The U.S. Supreme Court on Monday sided with the Trump administration in allowing the termination of Temporary Protected Status (TPS) from deportation for nearly 350,000 Venezuelans living in the United States.
The court granted a request from the Justice Department to lift a previous ruling by U.S. District Judge Edward Chen in San Francisco, which had temporarily blocked the decision by Homeland Security Secretary Kristi Noem to end TPS for Venezuelans.
TPS is a humanitarian program that grants work permits and protection from deportation to individuals from countries deemed unsafe due to war, natural disaster, or crisis.

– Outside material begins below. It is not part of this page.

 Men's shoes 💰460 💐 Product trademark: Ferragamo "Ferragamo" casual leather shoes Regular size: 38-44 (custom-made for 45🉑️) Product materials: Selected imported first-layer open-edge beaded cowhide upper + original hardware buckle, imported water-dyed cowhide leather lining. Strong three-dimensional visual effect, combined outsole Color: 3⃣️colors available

The Supreme Court’s order was unsigned, as is common in emergency cases. Justice Ketanji Brown Jackson was the only justice to publicly dissent.
The legal challenge to the policy change was brought by Venezuelan TPS recipients and the National TPS Alliance. They argued that returning to Venezuela would be unsafe due to the country’s ongoing political and economic instability.
TPS for Venezuelans was initially granted under President Joe Biden in 2021 and extended in 2023. Just days before Biden left office in January, his administration announced the program would be extended until 2026.
After taking office, Trump’s administration reversed that decision, with Secretary Noem rescinding the 2023 extension. Homeland Security estimates that 348,202 Venezuelans were registered under that TPS designation.
Judge Chen previously ruled that the administration had violated federal administrative law and suggested the decision to revoke TPS was based on harmful stereotypes. He noted that Venezuelan TPS holders were statistically less likely to commit crimes than the general U.S. population and were more likely to hold college degrees than native-born Americans.
The 9th U.S. Circuit Court of Appeals declined to pause Chen’s ruling on April 18, prompting the Justice Department to appeal to the Supreme Court. Government lawyers argued that the lower court had overstepped its authority and undermined the discretion of the executive branch, which Congress has traditionally empowered to make flexible and rapid immigration decisions.
In response, plaintiffs warned the Supreme Court that reversing the lower court ruling would strip work authorization from hundreds of thousands of individuals, expose them to deportation to a dangerous country, and cause significant economic disruption.
The U.S. State Department currently advises against travel to Venezuela, citing risks such as wrongful detention, terrorism, civil unrest, and poor health infrastructure.
The Trump administration has also recently moved to end TPS for other groups, including thousands of Afghans and Cameroonians, though those decisions are not directly tied to this case.